AUGUSTA, Ga. — A Commodore and a duck share the lead going into the final round of the Masters, but it was talk of a Tiger on Saturday that threatened to swamp the whole thing.
Ex-Vanderbilt golfer Brandt Snedeker and former Masters champion Angel Cabrera — nicknamed “El Pato,” or The Duck, in his native Argentina — both shot 69s to take a one-stroke lead on Australia’s Adam Scott at 7-under-par 209.
Down the leaderboard in a tie for seventh is four-time champion Tiger Woods, whose hopes for a fifth green jacket may have been derailed by a controversial penalty.
Woods’ wedge on the 15th hole in Friday’s second round struck the pin and caromed back into the pond fronting the green. Woods dropped, then hit another wedge to 3 feet and salvaged a bogey 6. But two TV viewers called in to say they thought Woods dropped too far back. Woods himself admitted in a post-round ESPN interview that he dropped 6 feet back of where he first hit.
Masters Competition Committee Chairman Fred Ridley said Woods violated Rule 26 of the USGA Rules of Golf, part of which requires a player to drop as near as possible to his original spot. But because rules officials first reviewed Woods’ drop and didn’t find an infraction, Ridley cited USGA Rule 33, which saved Woods from disqualification. He was assessed a two-strong penalty instead.

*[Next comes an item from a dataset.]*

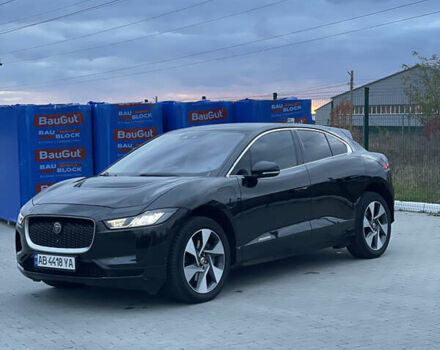 Ягуар I-Pace 2018 у Вінниці на Automoto.ua Чорний Ягуар I-Pace, об'ємом двигуна 0 л та пробігом 138 тис. км за 25200 $, фото 1 на Automoto.ua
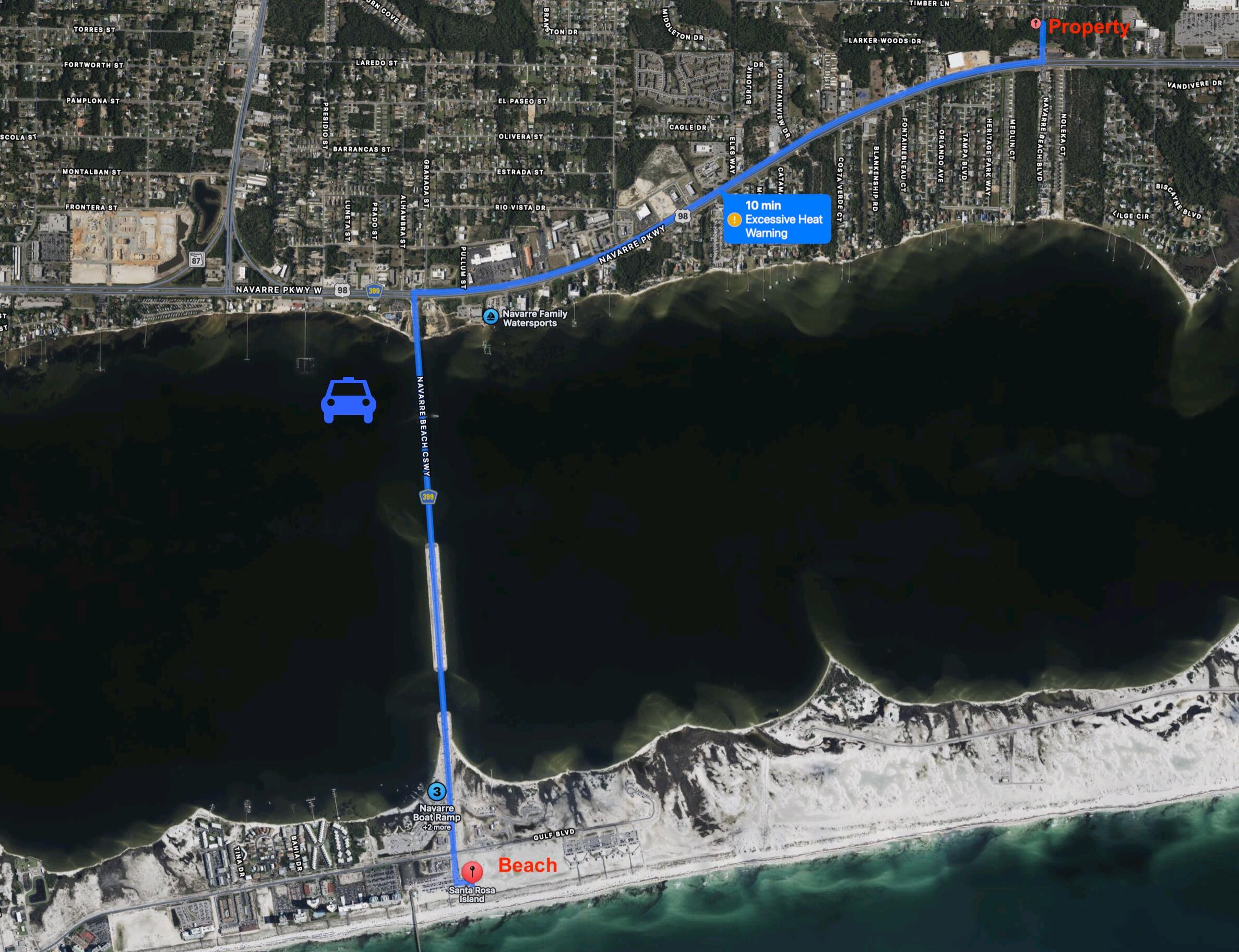 HOLLEY/NAVARRE - Land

Although some former players and TV analysts called for Woods to withdraw, he played on, shooting a 70 to wind up at 3-under 213.
It is from there that Woods will begin his quest for a 15th major championship — and first come-from-behind major victory.
“Under the rules of golf, I can play,” Woods said. “Once I came to the golf course, I was ready to play.”
No one played better down the stretch than Snedeker, who birdied 13, 15 and 16 to finish 7-under.
Snedeker won the 2012 FedEx Cup and started strongly this season with a win and two second-place finishes, but he was forced to sit out for five weeks with a rib injury.
“It’s been two seasons, I guess, is the best way to put it,” Snedeker said. “I was healthy — playing great, nothing wrong. Then I got hurt, and I had to start pretty much from scratch again. So (I’m) getting that feeling back, the momentum back, like early in the year.”
Cabrera, who won the 2009 Masters and 2007 U.S. Open, came to Augusta with virtually no momentum. Ranked No. 269 in the world, Cabrera’s best finish this season was a tie for 16th in Houston two weeks ago.
But there’s something about the Masters that seems to transform him. This is the third time since 2009 that he will play in the final group.
“In 2009, I was nervous, anxious,” said Cabrera, who birdied No. 18 to tie Snedeker. “But now I’m very comfortable. I know what I’ve got to do to be able to get the win.”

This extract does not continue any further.